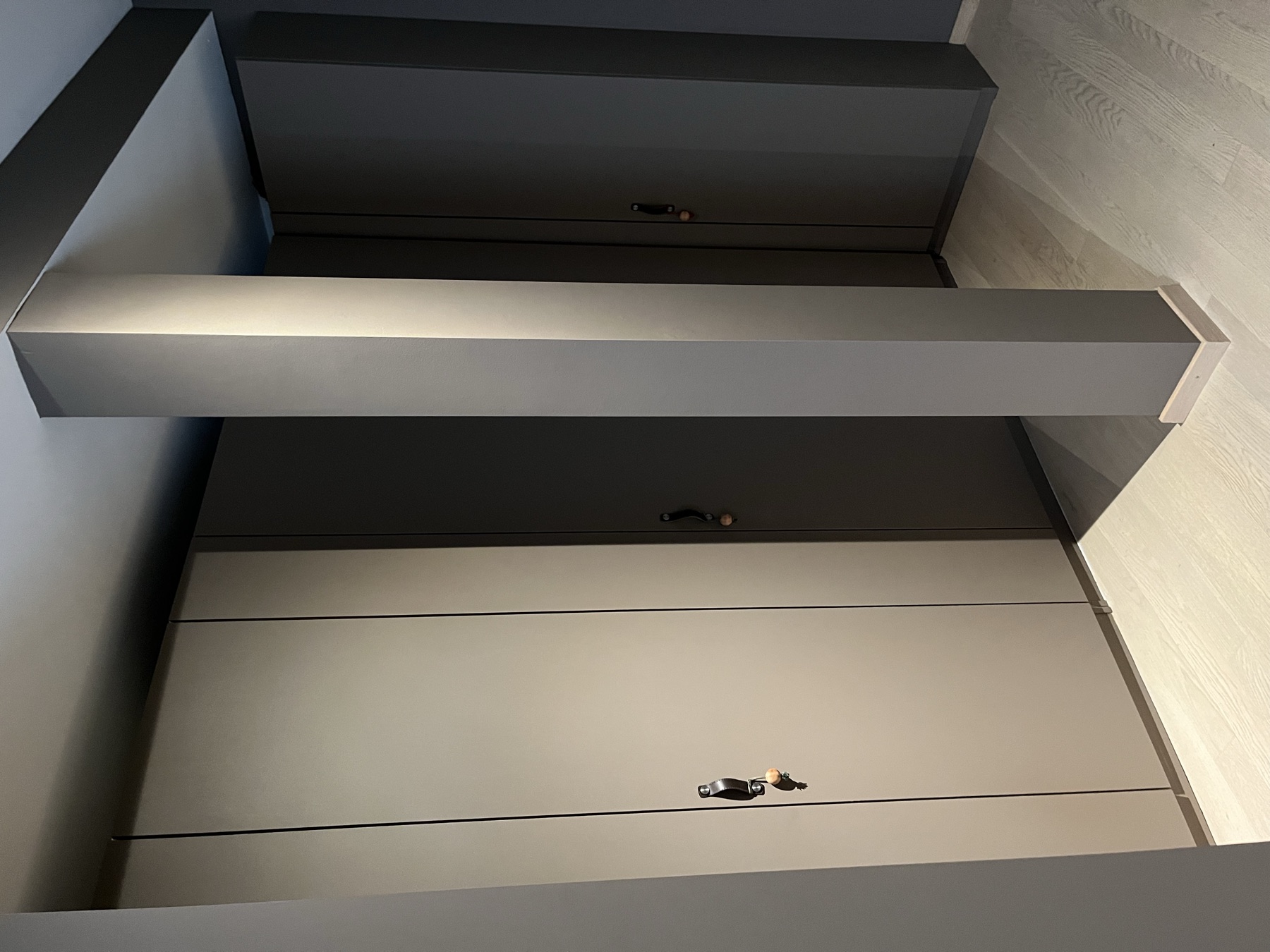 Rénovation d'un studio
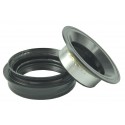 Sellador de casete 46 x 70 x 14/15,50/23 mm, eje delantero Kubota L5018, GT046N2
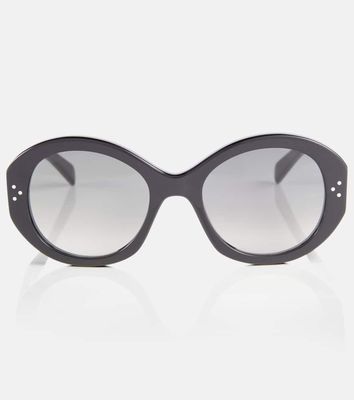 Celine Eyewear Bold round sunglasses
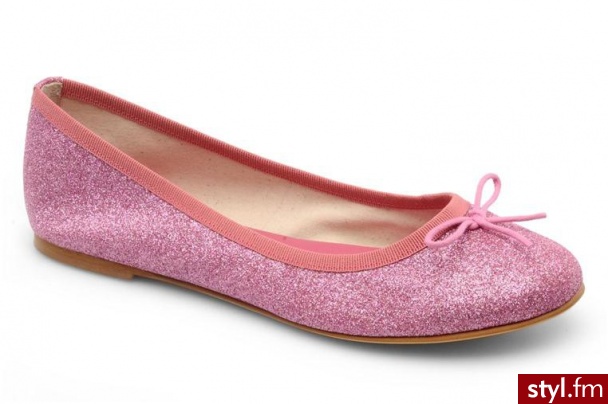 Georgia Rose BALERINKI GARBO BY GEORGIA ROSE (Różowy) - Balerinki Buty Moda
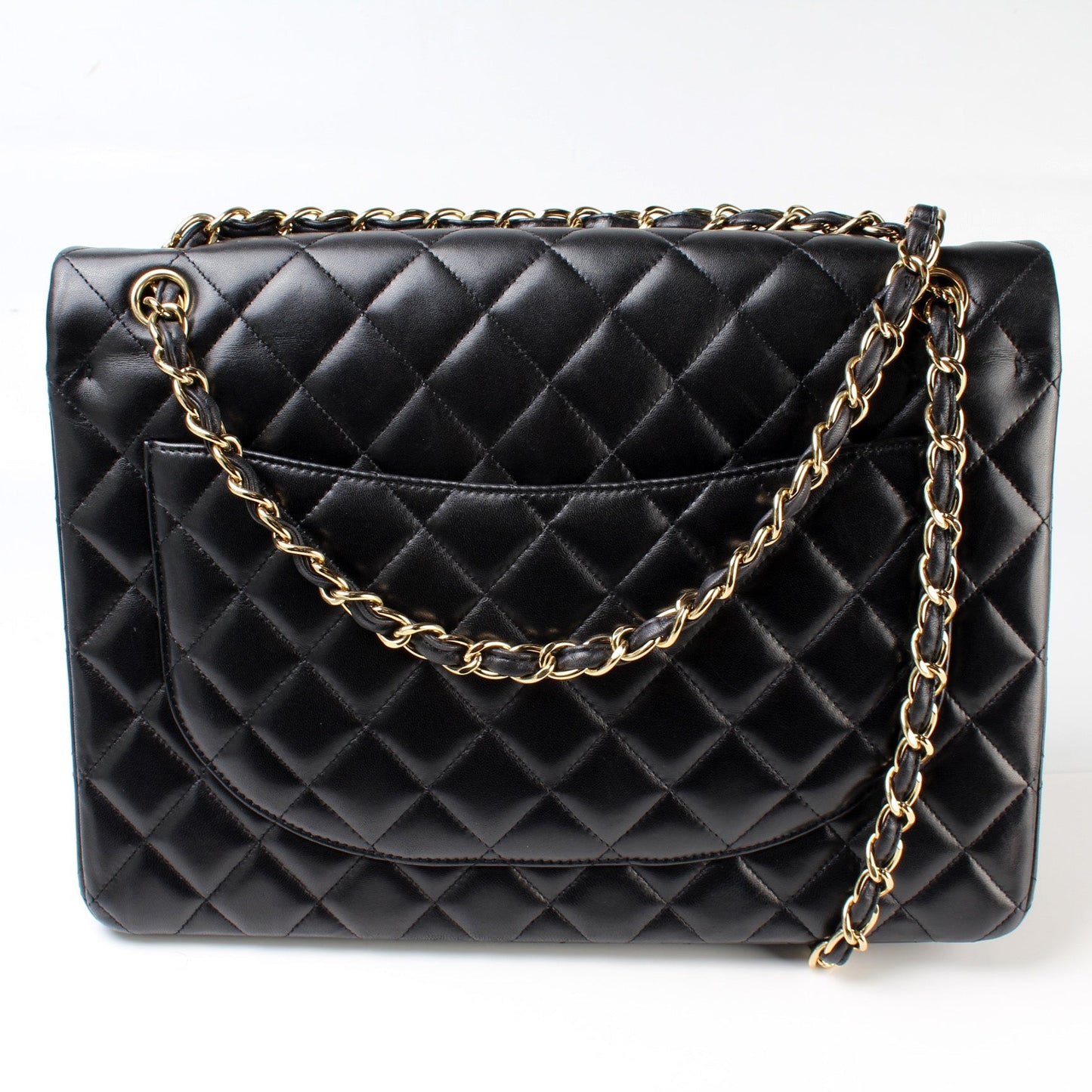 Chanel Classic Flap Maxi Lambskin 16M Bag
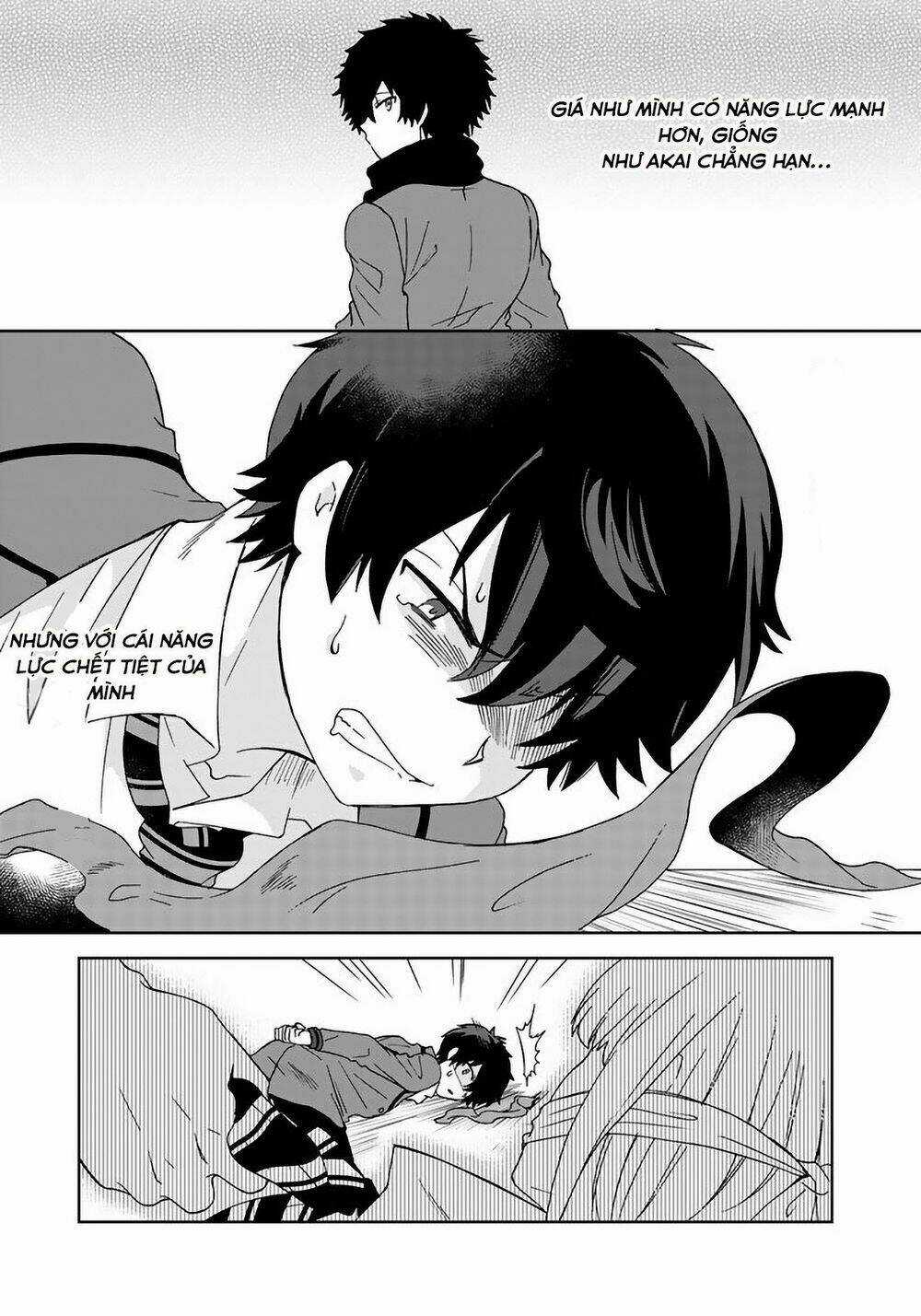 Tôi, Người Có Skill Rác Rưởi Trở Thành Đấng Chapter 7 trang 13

━━━

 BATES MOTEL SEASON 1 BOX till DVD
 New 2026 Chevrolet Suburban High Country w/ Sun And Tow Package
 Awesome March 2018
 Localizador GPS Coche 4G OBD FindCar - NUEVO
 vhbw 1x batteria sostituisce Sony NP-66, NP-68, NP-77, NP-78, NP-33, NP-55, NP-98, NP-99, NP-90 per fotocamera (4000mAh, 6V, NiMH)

━━━

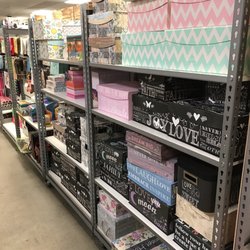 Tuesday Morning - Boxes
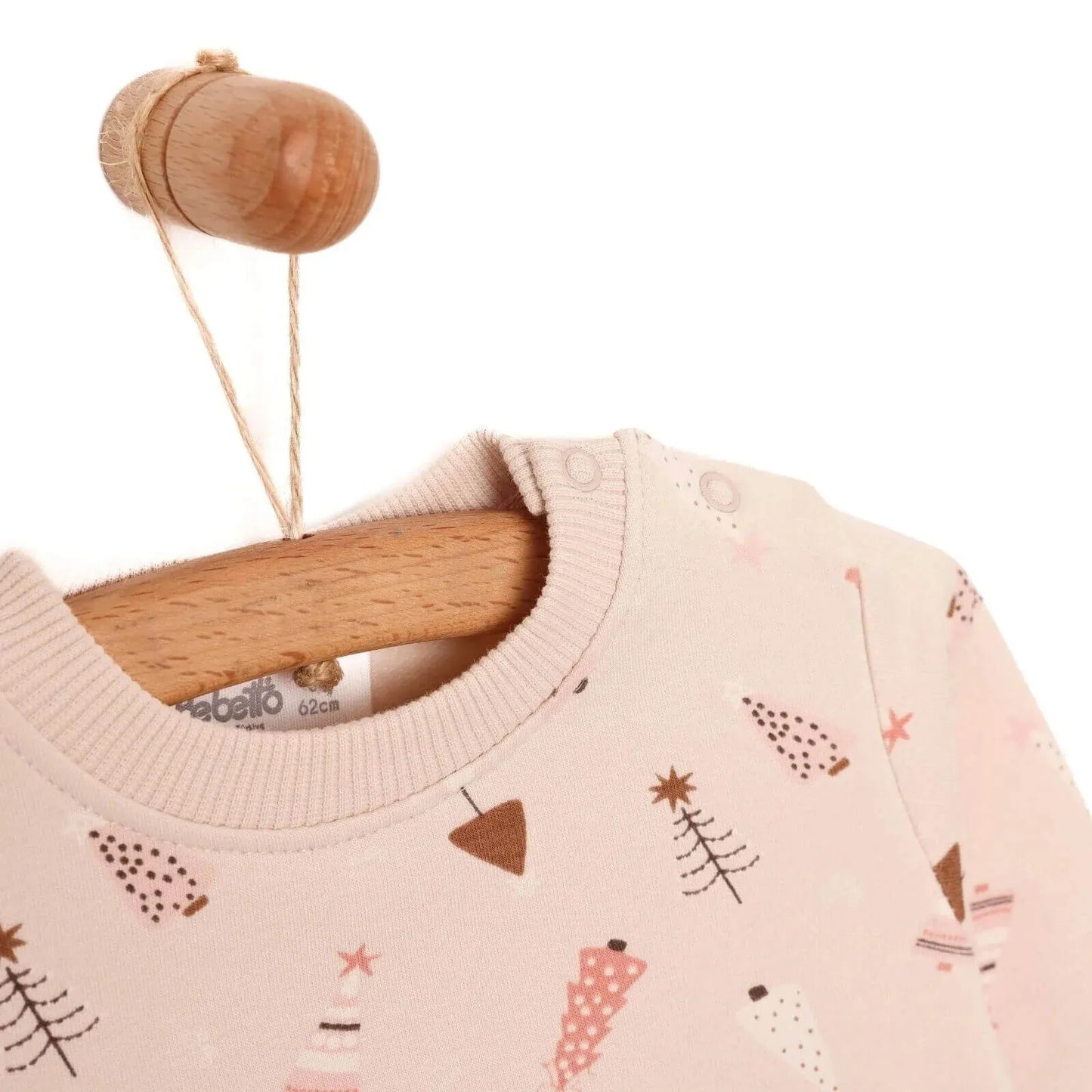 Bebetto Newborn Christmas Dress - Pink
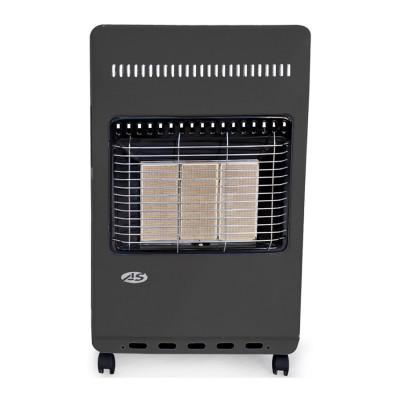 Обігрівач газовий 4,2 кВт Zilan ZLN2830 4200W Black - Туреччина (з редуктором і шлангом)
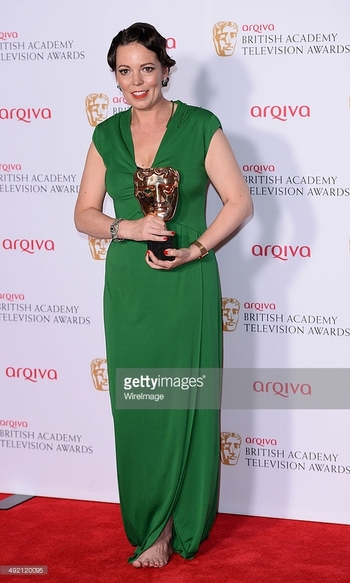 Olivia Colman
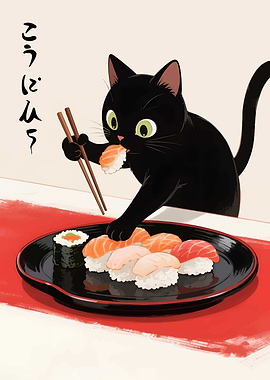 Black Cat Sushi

━━━

EXERCISE AIM -
Exact copy, pictures excluded: every line above from the one containing "Rénovation d'un studio" to the one containing "Tôi, Người Có", inclusive, and nothing more.

EXERCISE ANSWER -
 Rénovation d'un studio
 Sellador de casete 46 x 70 x 14/15,50/23 mm, eje delantero Kubota L5018, GT046N2
 Celine Eyewear Bold round sunglasses
 Georgia Rose BALERINKI GARBO BY GEORGIA ROSE (Różowy) - Balerinki Buty Moda
 Chanel Classic Flap Maxi Lambskin 16M Bag
 Tôi, Người Có Skill Rác Rưởi Trở Thành Đấng Chapter 7 trang 13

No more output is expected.